-------- Dataset entries --------

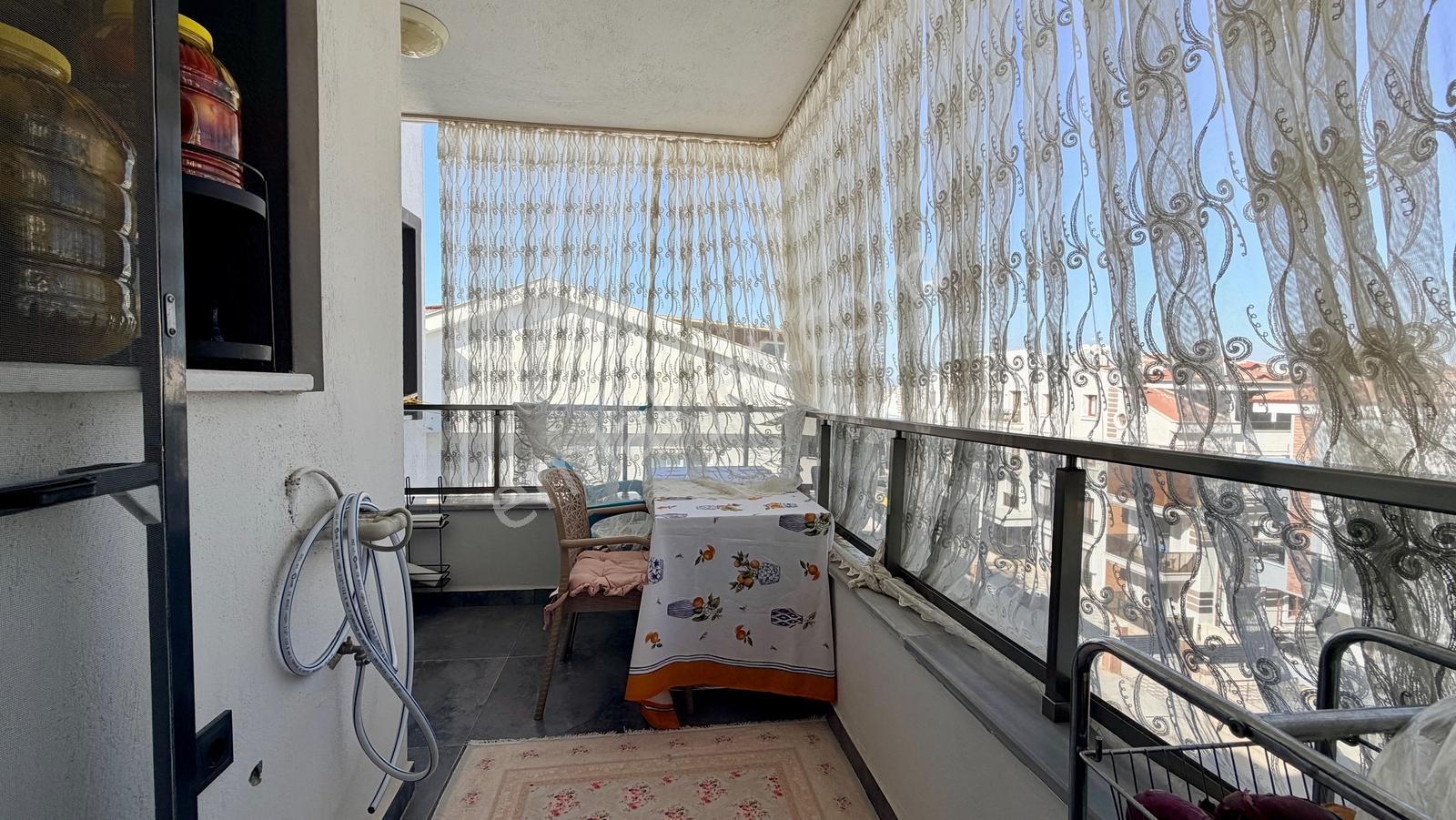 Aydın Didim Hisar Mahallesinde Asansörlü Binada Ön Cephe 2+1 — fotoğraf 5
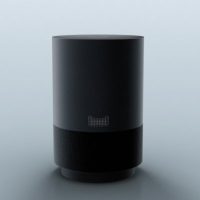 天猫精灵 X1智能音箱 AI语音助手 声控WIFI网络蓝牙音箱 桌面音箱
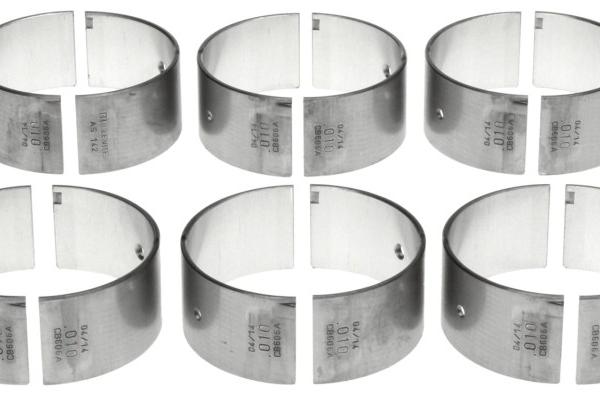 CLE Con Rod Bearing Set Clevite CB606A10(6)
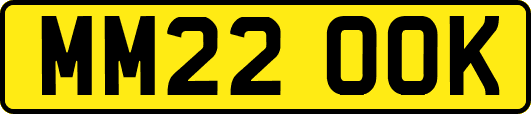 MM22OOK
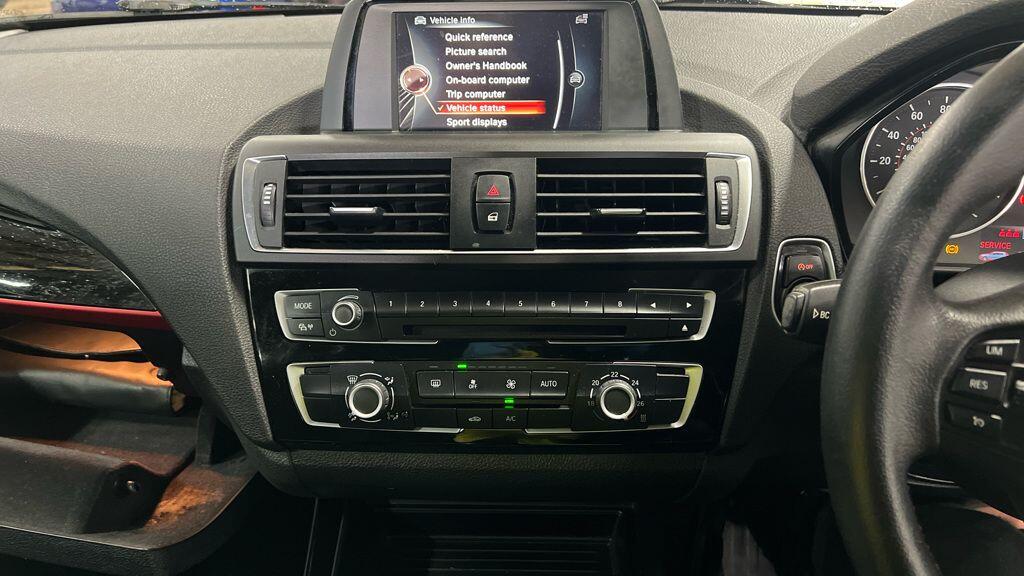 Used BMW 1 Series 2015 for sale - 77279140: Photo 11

--------
-------- Dataset entries --------

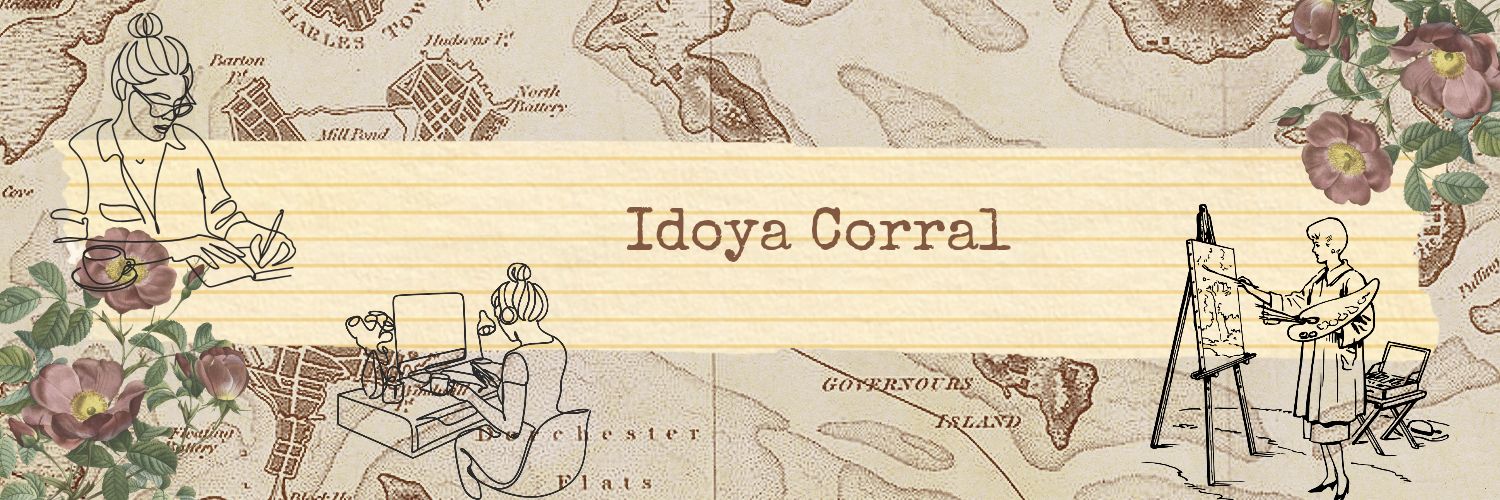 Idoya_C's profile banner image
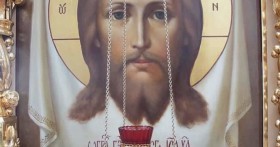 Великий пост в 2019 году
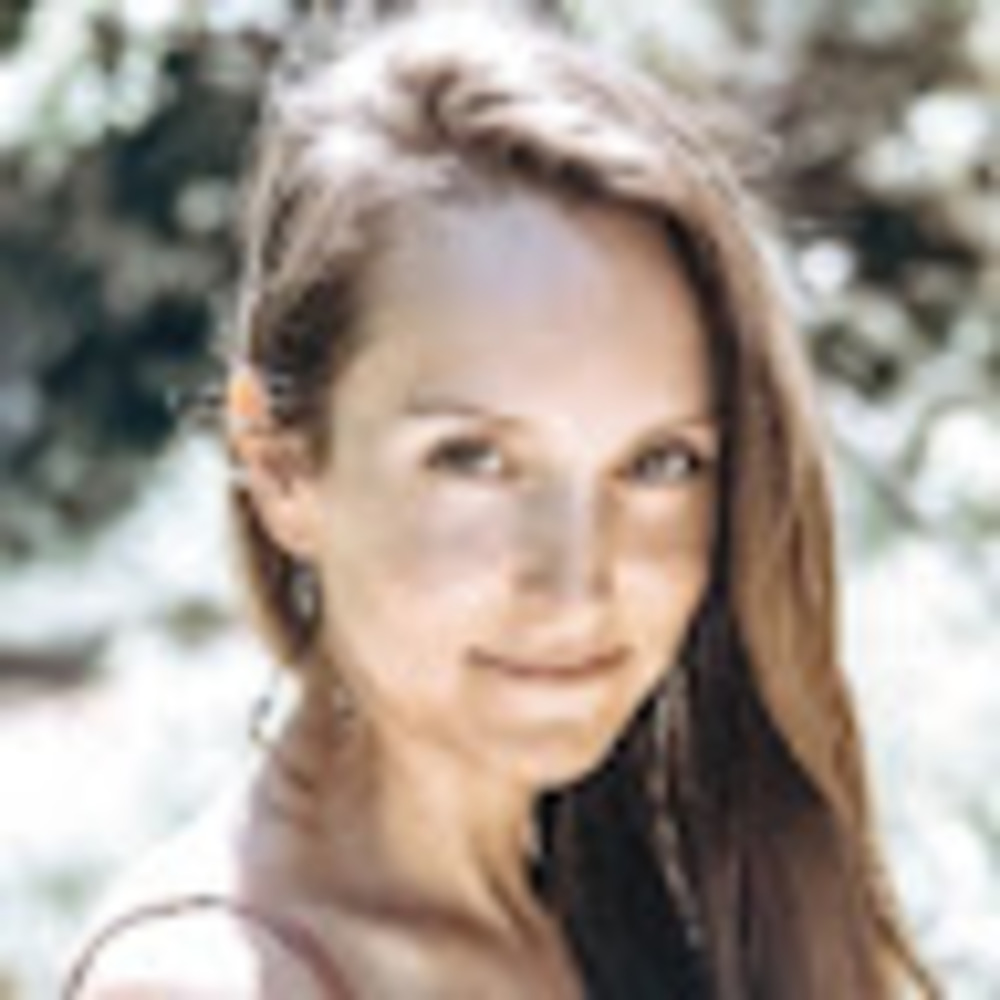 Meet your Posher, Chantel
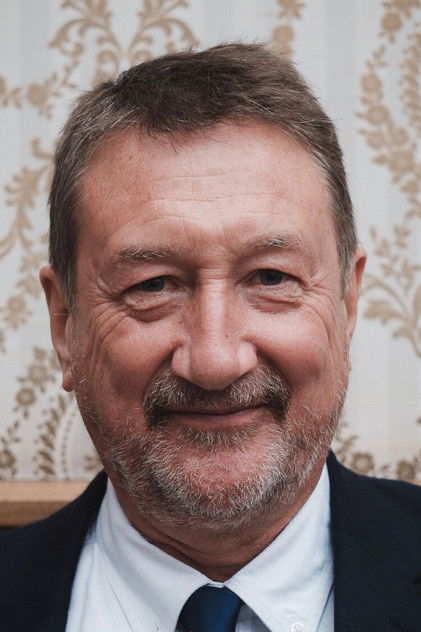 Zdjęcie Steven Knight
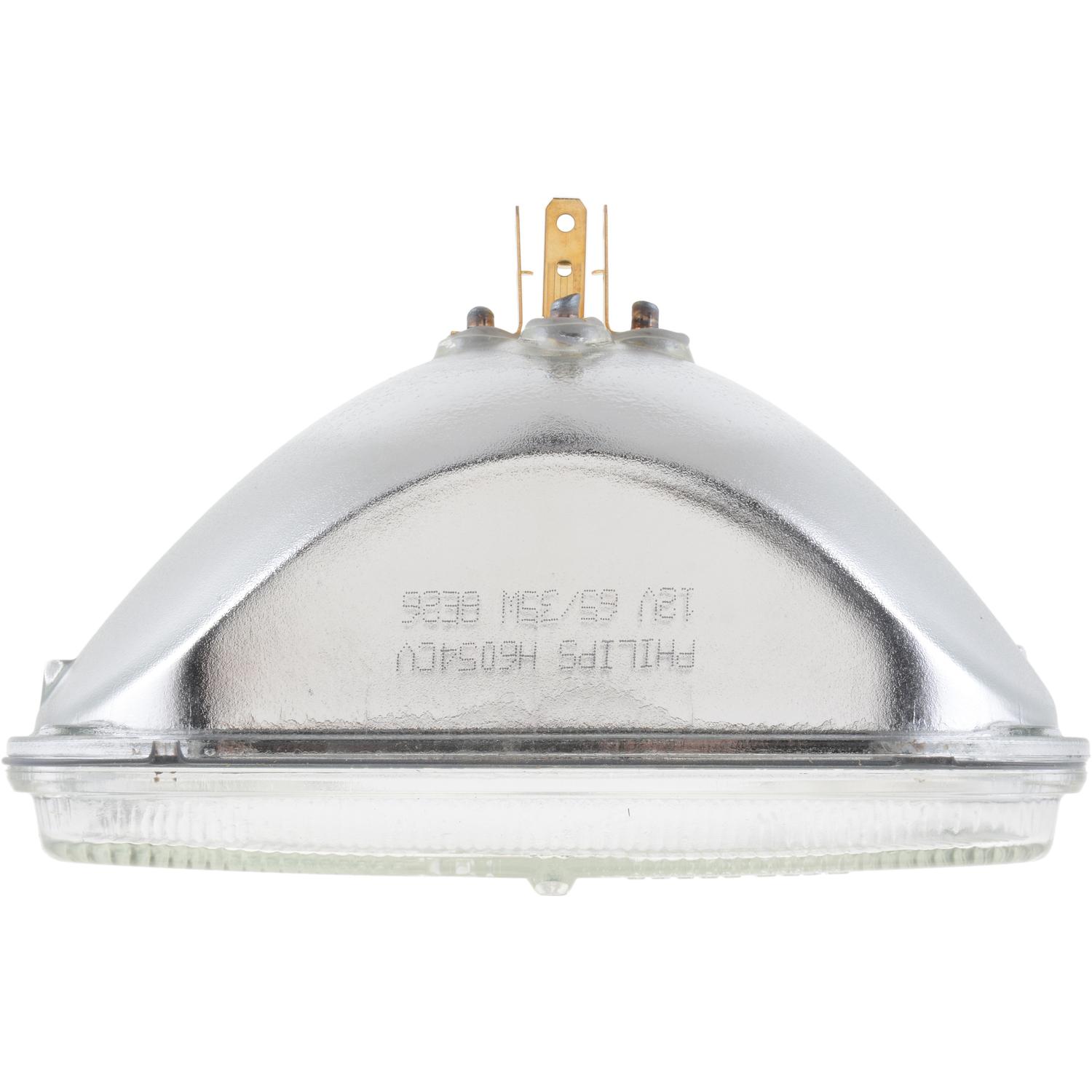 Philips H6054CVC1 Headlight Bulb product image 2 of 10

--------

- _Assignment_: What is needed is an exact copy of only the lines above from the one with "Aydın Didim Hisar" to the one with "Used BMW 1 Series", both kept, with every picture left out.

- _Answer for the task_:
 Aydın Didim Hisar Mahallesinde Asansörlü Binada Ön Cephe 2+1 — fotoğraf 5
 天猫精灵 X1智能音箱 AI语音助手 声控WIFI网络蓝牙音箱 桌面音箱
 CLE Con Rod Bearing Set Clevite CB606A10(6)
 MM22OOK
 Used BMW 1 Series 2015 for sale - 77279140: Photo 11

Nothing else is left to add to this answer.